I began writing this blog a year ago. Clicking through my entries, it all seems a little crazy how many completely different experiences I’ve had since my first entry about Ngorongoro Crater. I can see a weave forming and the stories that have started out as threads are coming back and joining with other threads to create a bigger picture; the fine art I’d originally intended my safaris to be.
My first client came back with her photography project. Attempting to capture the beauty of the Hadzabe and their way of life in the Eyasi basin, we spent 12 days shadowing, listening, and watching. Some would say we roughed it, but I loved it. We finished the trip at Oliver’s camp, where I started my next safari. The dry season in full swing, an estimated 800 elephants feeding daily in the swamp among a couple thousand buffalo and few thousand zebra. A week later, I was walking in talcum-powder dust with an eleven year old, his mother and friend, vaccinating 139 chickens in a neighboring (wa)Arusha village- revisiting The Chicken Story that had begun with Nicol’s first visit.

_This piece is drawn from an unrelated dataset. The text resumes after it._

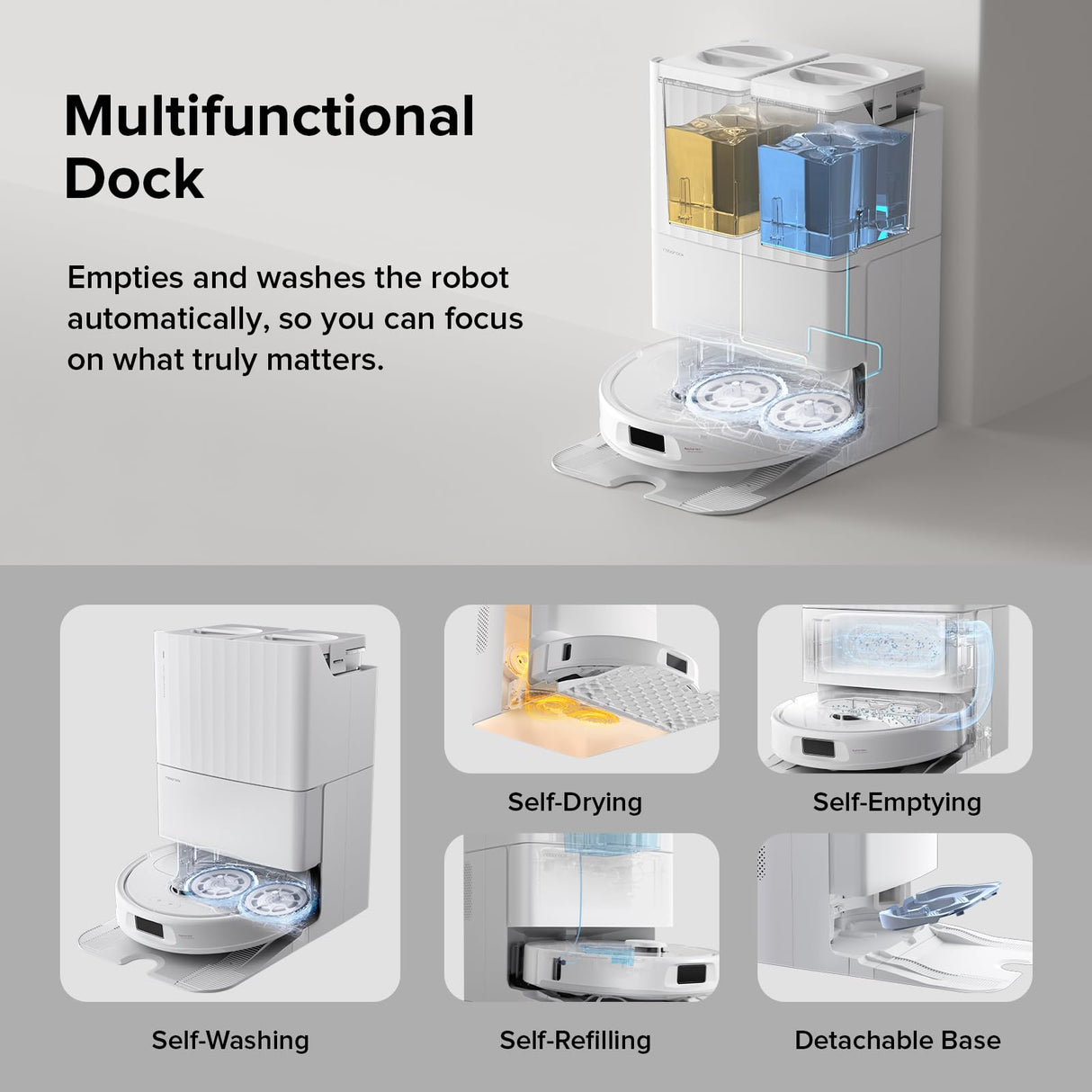 roborock Qrevo S Robot Vacuum and Mop, Self-Drying, Auto Mop Washing, 7000Pa Suction, Self-Emptying & Refilling, 10mm Mop Lifting, 200RPM Spinning Mops, Smart Obstacle Avoidance, White roborock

Revisiting the Hadzabe (Images copyright and credit to Nicol Ragland Photography)
Sitting around the campfire, we repeat rituals. Sipping black cowboy-coffee from the kettle on the fire, as we did last nights caramel scotch. The thin sliver of light prompts a dawn chorus from the birds, their murmurs of greeting. The bustle of cameras, batteries, lenses, memory cards, water and sunscreen, as we set off. Off we tread on the hunt, before the cattle come through and scare the game, before the sun is high and the animals lay down in the shade. The sun will rise as it has done for millennia, and within a few hours the light will soon be as harsh as the environment. We pause every so often, wondering which way to go? The wind keeps changing. The hunters stop, pull out their fire sticks, twirl them until the familiar smell of myrrh smoke, ahh, yes, a tiny coal has formed to light the newspaper wrapped tobacco. Then one of us treads on the wrong twig, or coughs and the invisible kudu or giraffe crashes through the bush.

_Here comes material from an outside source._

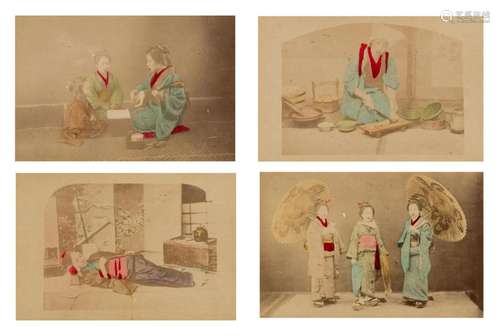 Four Japanese Hand Tinted Photographs Image: 3 5/8 x 5 1/2 i...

The first day we walked for 8 hours in near silence. A hand signal and we’d squat as the hunter stalked. Losing his shoes, his body would take a different being, stringing arrow to bowstring. He would draw it back, the tension of the muscles in his back a reflection of the tension in the air. The twang, the curse, and another one has got away. Later on we sit as they whittle their arrows, using only a knife and their hands to lathe beautiful long arrows, stripping guinea-fowl feathers and tying them on with sinew. Another takes a hammer, nail and stone and proceeds to pound out a new arrowhead. They tell stories that I try to translate.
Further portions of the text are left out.